I mean, I certainly have relatively high standards in that regard and unless something unusual develops in this case I don’t see this [the possible introduction of this evidence of uncharged misconduct] becoming a problem. I will ask the government at this particular point before they seek — would seek, if this case takes an unusual turn of events, to use this evidence that it notify me in advance so we can take it up in an Article 39(a) session. I think that disposes of this first motion in limine.

Record at 17. The civilian defense counsel (and trial counsel) no doubt relied on this representation as ensuring that there would be an Article 39(a) session before the evidence would be introduced.

. The appellant argues that we should construe the civilian defense counsel’s request for an Article 39(a) session as an objection to the military judge’s line of question; however, we decline to do so. The proper manner in which to file an objection is well known.
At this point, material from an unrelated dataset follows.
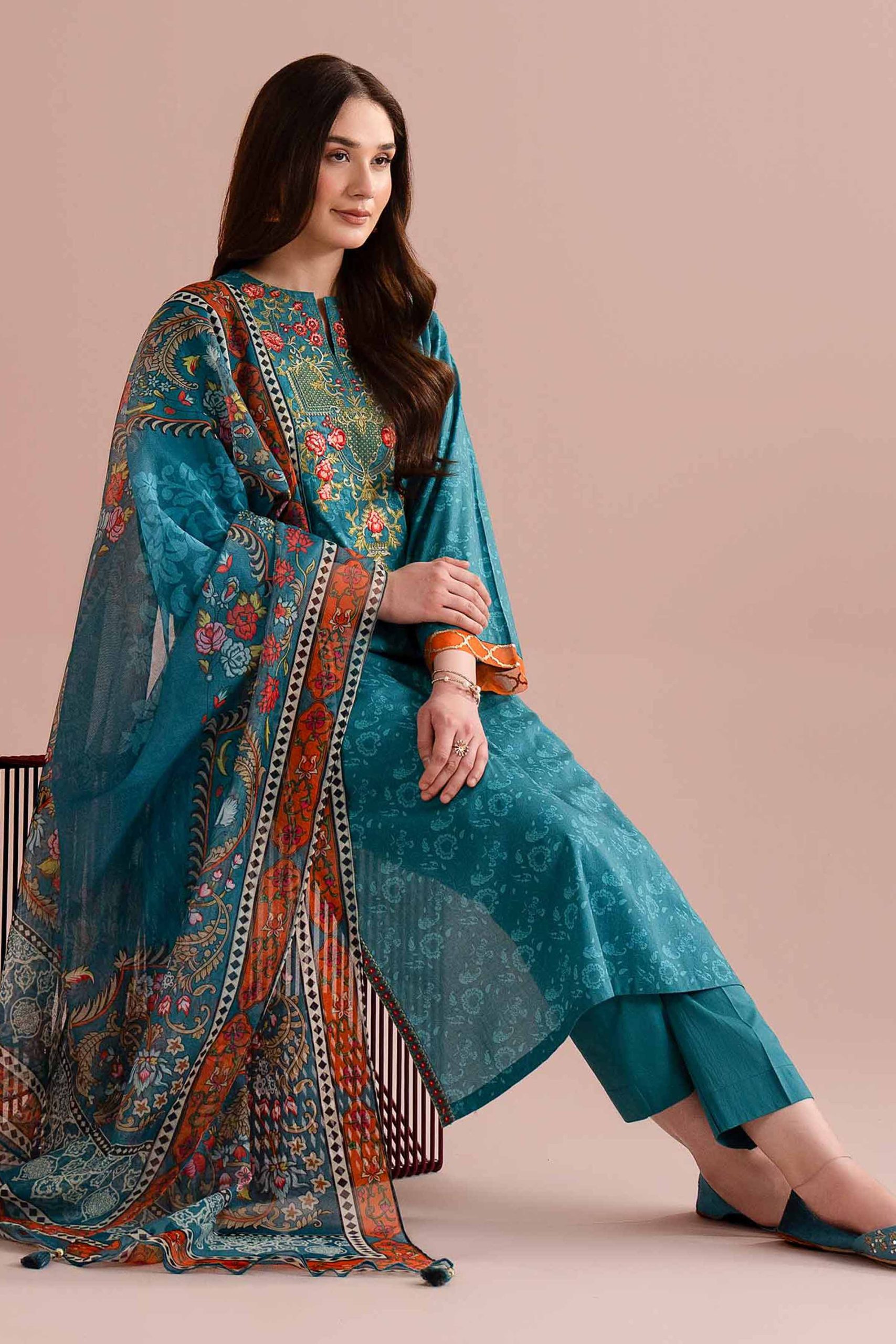 3 Piece - Printed Embroidered Suit - PE26-328 - Image 2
If he had wanted ”[t]o avoid an in-court confrontation [with the military judge in front of the members], counsel should [have made] such an objection at a sidebar conference or [at the next] Article 39(a) session.” Francis A. Gilligan & Fredric I. Lederer, Court-Martial Procedure § 14-63.30(1991).

. Although not raised as an assignment of error, we note that the trial counsel exercised his peremptory challenge against Second Lieutenant Douglas, USMC, the panel’s only non-white member. While the challenged panel member was apparently not of the same race as the appellant, see United States v. Moore, 28 MJ. 366, 368 (C.M.A. 1989)(adopting a per se rule requiring a racially neutral explanation whenever the Government uses a peremptory challenge against a member of the accused's race), the civilian defense counsel was concerned and requested an explanation. Record at 132. The military judge accepted the trial counsel’s answer that the officer in question was the most junior and the least experienced member of the panel, both highly plausible, racially-neutral justifications. Record at 134-35. Based on the Supreme Court’s decision in Batson v. Kentucky, 476 U.S. 79, 98-99, 106 S.Ct. 1712, 1723-25, 90 L.Ed.2d 69 (1986), this was fully sufficient for this peremptory challenge to pass constitutional muster.